In Laveen, Arizona, Biden said, “Quite frankly, there is no excuse that this apology took 150 years to make,” after a request for a minute of silence to “remember those lost and the generations living with that trauma.”
In 37 states or then-territories, at least 18,000 children were forcibly removed from their families and sent to more than 400 boarding institutions between 1819 and 1969, CNN reports.
The first Native American to hold a Cabinet position, Interior Secretary Deb Haaland, established the Federal Indian Boarding School Initiative in 2021 to examine the effects of the institutions on Native Americans. According to their final study, which was released this summer, at least 973 Native American students lost their lives while enrolled in these government boarding schools.
“As president,” Biden said, “I believe it is important that we do know there were generations of native children stolen, taken away to places they didn’t know, with people they never met, who spoke a language they had never heard.”
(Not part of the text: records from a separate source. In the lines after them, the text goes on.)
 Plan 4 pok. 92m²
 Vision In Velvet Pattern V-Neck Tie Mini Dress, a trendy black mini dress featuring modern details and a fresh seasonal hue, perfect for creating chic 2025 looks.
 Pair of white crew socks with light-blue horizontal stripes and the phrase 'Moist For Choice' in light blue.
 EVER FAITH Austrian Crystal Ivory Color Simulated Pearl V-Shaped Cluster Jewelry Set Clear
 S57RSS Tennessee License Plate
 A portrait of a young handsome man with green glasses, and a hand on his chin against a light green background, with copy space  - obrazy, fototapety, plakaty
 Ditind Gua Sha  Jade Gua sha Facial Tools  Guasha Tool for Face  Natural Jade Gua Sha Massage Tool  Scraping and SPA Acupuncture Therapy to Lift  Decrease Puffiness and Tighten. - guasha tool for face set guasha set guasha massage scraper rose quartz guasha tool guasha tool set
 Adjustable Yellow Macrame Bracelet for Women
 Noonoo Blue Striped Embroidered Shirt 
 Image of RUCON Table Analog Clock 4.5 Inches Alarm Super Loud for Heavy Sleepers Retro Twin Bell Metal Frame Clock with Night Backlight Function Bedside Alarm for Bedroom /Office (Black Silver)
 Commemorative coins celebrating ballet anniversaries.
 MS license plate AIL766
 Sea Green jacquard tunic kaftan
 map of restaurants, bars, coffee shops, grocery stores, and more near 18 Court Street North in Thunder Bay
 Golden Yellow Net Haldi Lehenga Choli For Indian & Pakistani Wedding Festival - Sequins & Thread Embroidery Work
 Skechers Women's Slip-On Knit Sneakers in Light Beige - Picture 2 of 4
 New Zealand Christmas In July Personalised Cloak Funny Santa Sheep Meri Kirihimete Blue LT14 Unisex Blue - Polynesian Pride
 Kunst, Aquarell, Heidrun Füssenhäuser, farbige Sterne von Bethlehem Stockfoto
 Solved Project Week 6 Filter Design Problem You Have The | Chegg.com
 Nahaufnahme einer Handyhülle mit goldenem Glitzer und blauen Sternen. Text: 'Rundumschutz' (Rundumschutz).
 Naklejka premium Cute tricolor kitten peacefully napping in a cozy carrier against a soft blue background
“Native communities silenced – their children’s laughter and play were gone.” According to him, “…Children abused emotionally, physically and sexually abused, forced into hard labor, some put up for adoption without the consent of their birth parents, some left for dead and unmarked graves,” he said.
According to President Biden, the children that came home were “wounded in body and spirit.” He spoke at the Gila Crossing Community School, which is located outside of Phoenix.
In addition to being the first time a sitting president has visited tribal territories in a decade, Biden’s visit was his first time as US President to visit Indian Country. President Barack Obama visited the Standing Rock Sioux Indian Reservation earlier in 2014, according to CNN.
He said that “no apology can or will make up for what was lost during the darkness of the federal boarding school policy.” He said, “We’re finally moving forward into the light.”